Por Roberto Pérez León
Luego de treinta años de su estreno tenemos un nuevo regreso de Manteca (1993) del dramaturgo Alberto Pedro Torriente, obra inscrita en la dramaturgia nacional y que puede antropológicamente contribuir al estudio ideológico de uno de los períodos de significativa voluntad e instinto del pueblo cubano: el llamado Período Especial de los años noventa.
Cualquiera diría que hay un renacer de la obra dramática de Alberto Pedro.
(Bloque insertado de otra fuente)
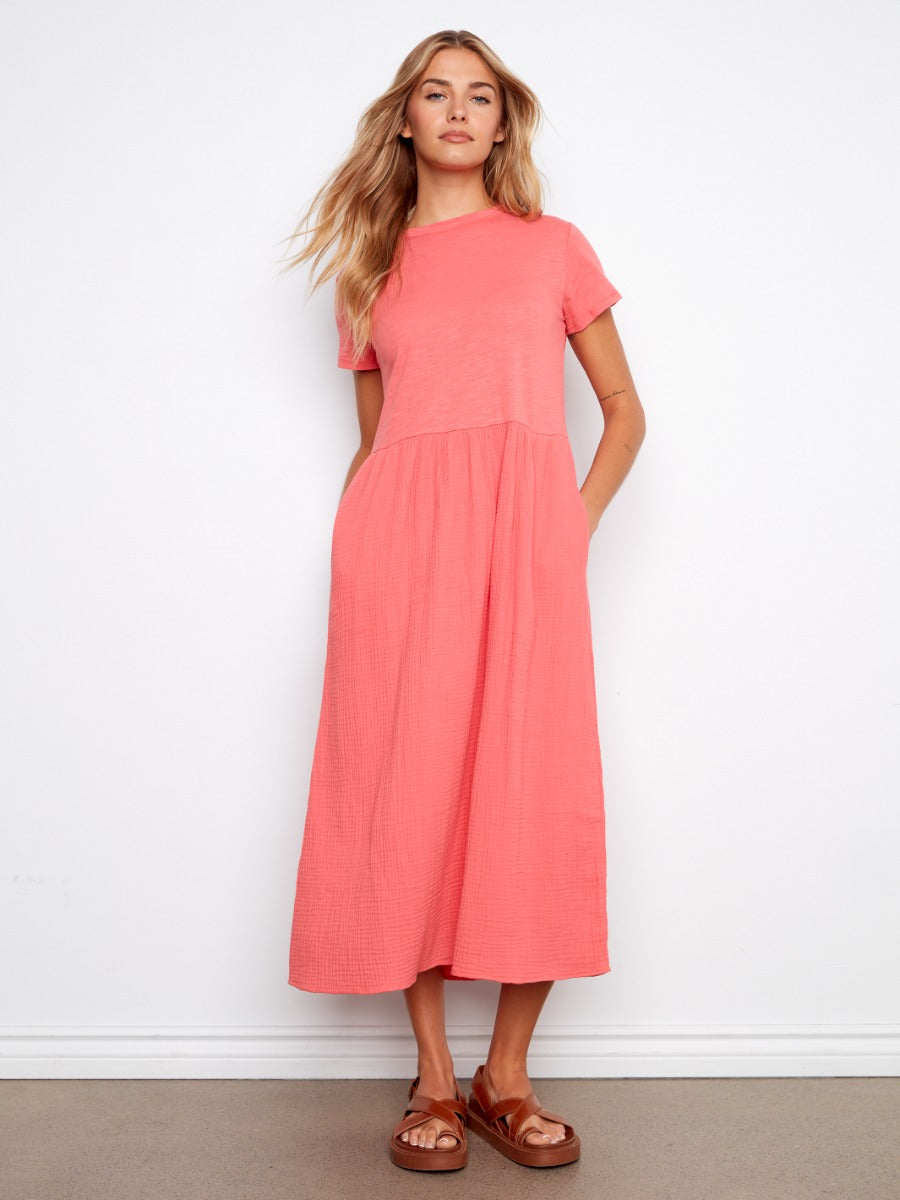 Coral pink Charlie B Bubble Textured Short Sleeve Knit Dress styled with brown sandals against white background.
Recientemente en la Sala Tito Junco del Bertolt Brecht se puso Mar nuestro con un montaje de Teatro de la Luna y que considero una de las puestas en escenas más valiosas de 2023. Manteca ha estado todo enero en la Sala Llauradó, con esta puesta se inaugura entre nosotros la agrupación Tebas Teatro dirigida por Alberto Sarraín.
En la sustancial manteca de Manteca nadan y se agolpan la ironía, el choteo, la ambigüedad. Como la verdolaga, crece y florece un costumbrismo acaudalado en alardes, escombros y miserias, parloteos vehiculados dramatúrgicamente con expresividad ritual de plenitudes “teatrantes”.
Manteca aun genera abundancia sígnica. La relación escena-sala disfruta de un dinamismo magnético, vívido por la eficacia logocéntrica que genera resonancias de sentido en el espectador al configurar diferentes situaciones en diferentes niveles de manifestación de la historia. El hablar, como ya sabemos, es actuar. La acción verbal es definitoria en la situación dramática: matar el puerco para conseguir manteca, saborear chicharrones y embarrarse sin que los vecinos se enteren.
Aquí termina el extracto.